D'aucun considèrent que, dans la mesure où je serais le père des importations parallèles, les fraudes seraient de ma faute. Eh bien, pas du tout !
Certes, je me suis battu pendant vingt ans pour qu'un produit dûment homologué dans un État membre puisse être utilisé dans un autre. Il y a encore dix ans, les différences de prix pouvaient atteindre 40 % d'un pays à l'autre. La France a finalement reconnu ses torts et un décret du 4 avril 2001 a modifié la procédure.
Le ministre de l'agriculture de l'époque, M. Jean Glavany, m'avait adressé le projet de décret pour recueillir mon avis : le texte me semblait parfait sur la forme, mais sur le fond, nous n'en avions jamais demandé autant ! J'ai, en vain, réclamé des barrières pré-contrôles afin d'éviter les dérives... qui n'ont pas manqué de se manifester, immédiatement.

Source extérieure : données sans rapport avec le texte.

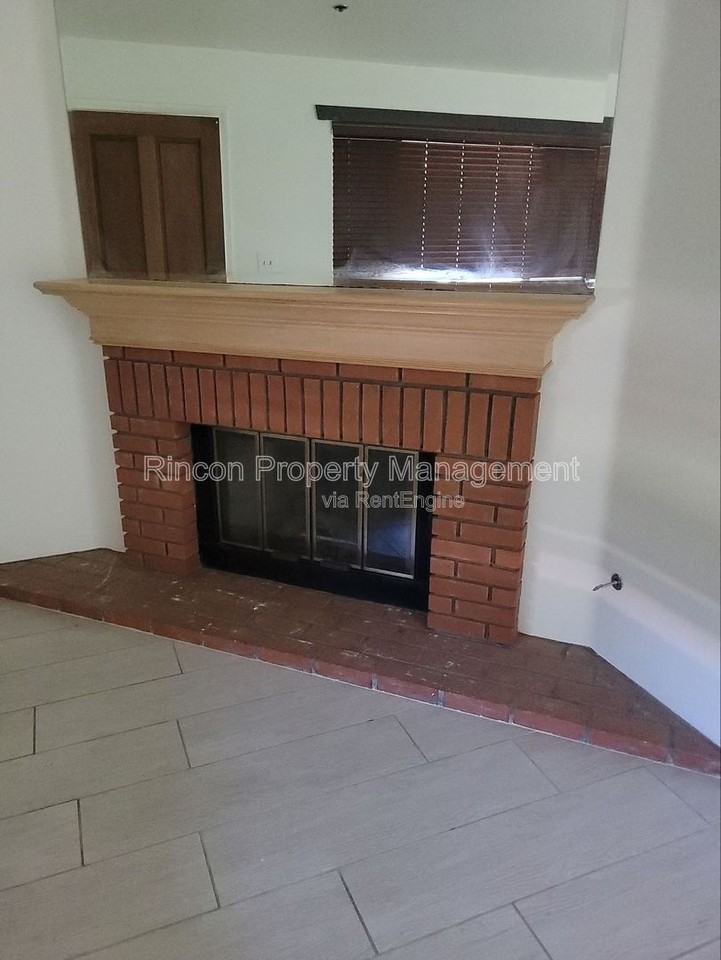 848 Woodland Ave #10 - Photo 5 of 15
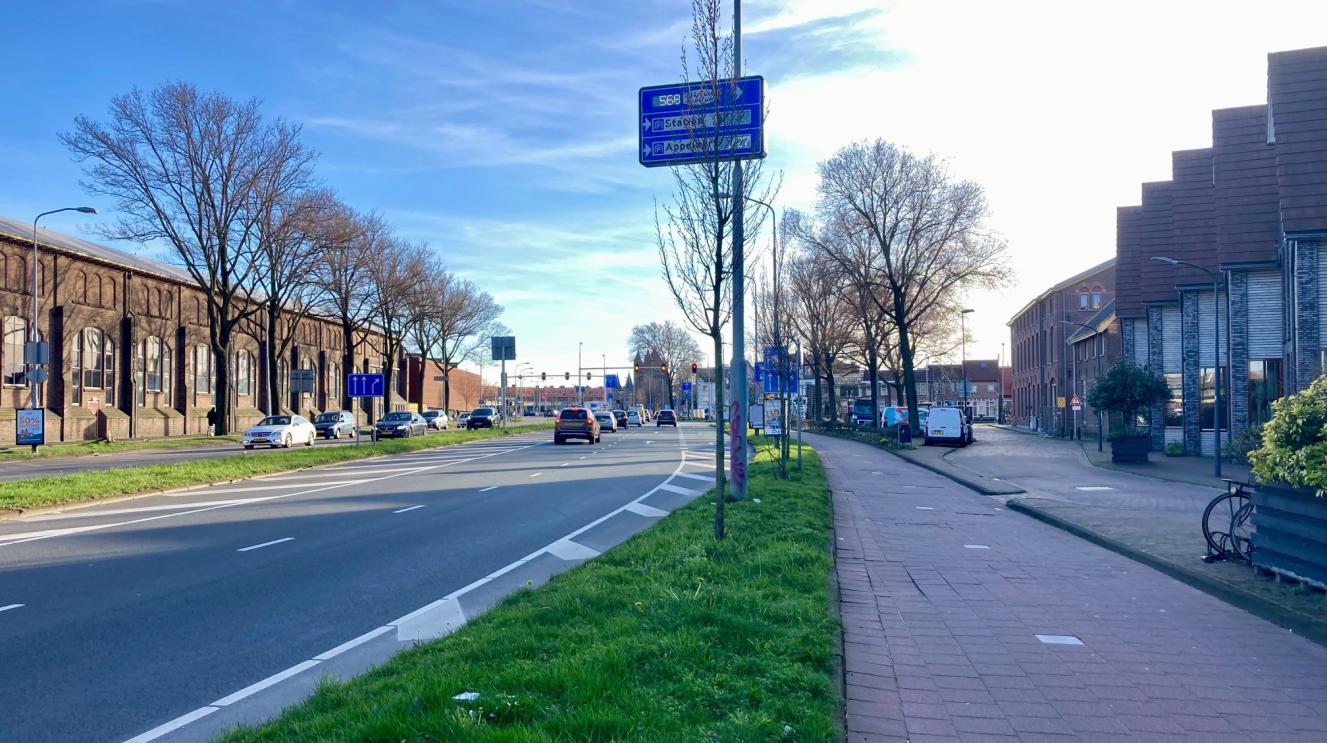 Wegdek en fietspad van Gedempte Oostersingelgracht voor de herinrichting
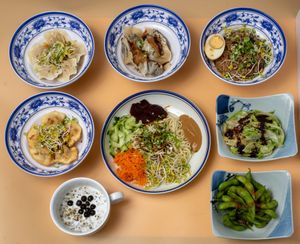 Unsere mehr Speisen ins Laden at Mr Dumpling  in Bremen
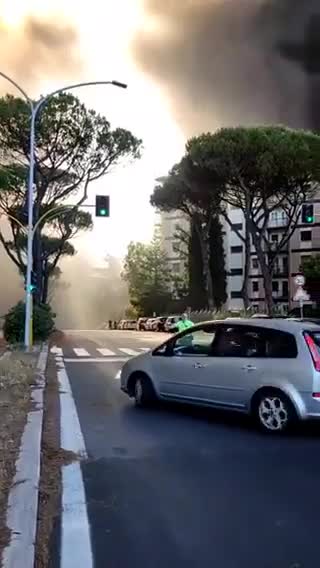 Huge Fire Rome is burning. Massive explosion and fire in #Rome. The black smoke expands to the center of the capital where a rock concert is scheduled for tonight.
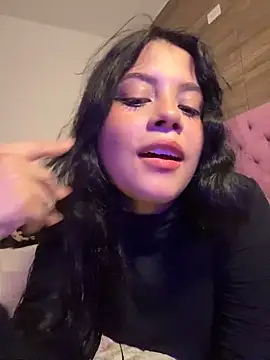 Chat XXX en directo de EmillieX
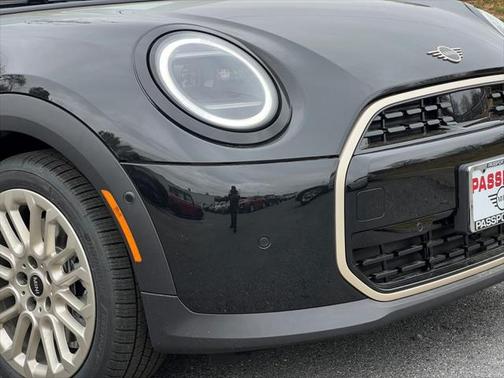 2025 MINI Hardtop Cooper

Les autorisations de mise sur le marché d'importations parallèles (AMMIP), aujourd'hui rebaptisées permis de commerce parallèle (PCP), ne donnent pas les mêmes droits que l'AMM. Or, des entreprises mafieuses se sont constituées, ont obtenu, dès 2002, des autorisations nationales grâce à des filiales qui n'étaient que des boîtes postales et ont commercialisé des produits n'ayant fait l'objet d'aucune évaluation. Ces entreprises, à partir d'une substance active homologuée en Europe, et souvent achetée en Inde ou en Chine, font formuler un produit par des formulateurs que tout le monde connaît.
Le seul droit attaché à L'AMMIP est celui de commercialiser un produit acheté au fabricant titulaire de l'AMM, certainement pas de fabriquer un produit. Mais tous ces mafieux sont issus des grandes firmes internationales, ils connaissent parfaitement l'aspect que doit avoir le produit et leurs productions sont parfois de meilleure qualité que l'original - ce qui dissuade le groupe lésé d'engager des actions en justice, par peur d'être ridiculisé. Certes si ces produits non autorisés peuvent être de bonne qualité, en revanche, un seul produit de mauvaise qualité peut entraîner des effets calamiteux sur la santé publique. Leur taux de résidus de pesticides est inconnu !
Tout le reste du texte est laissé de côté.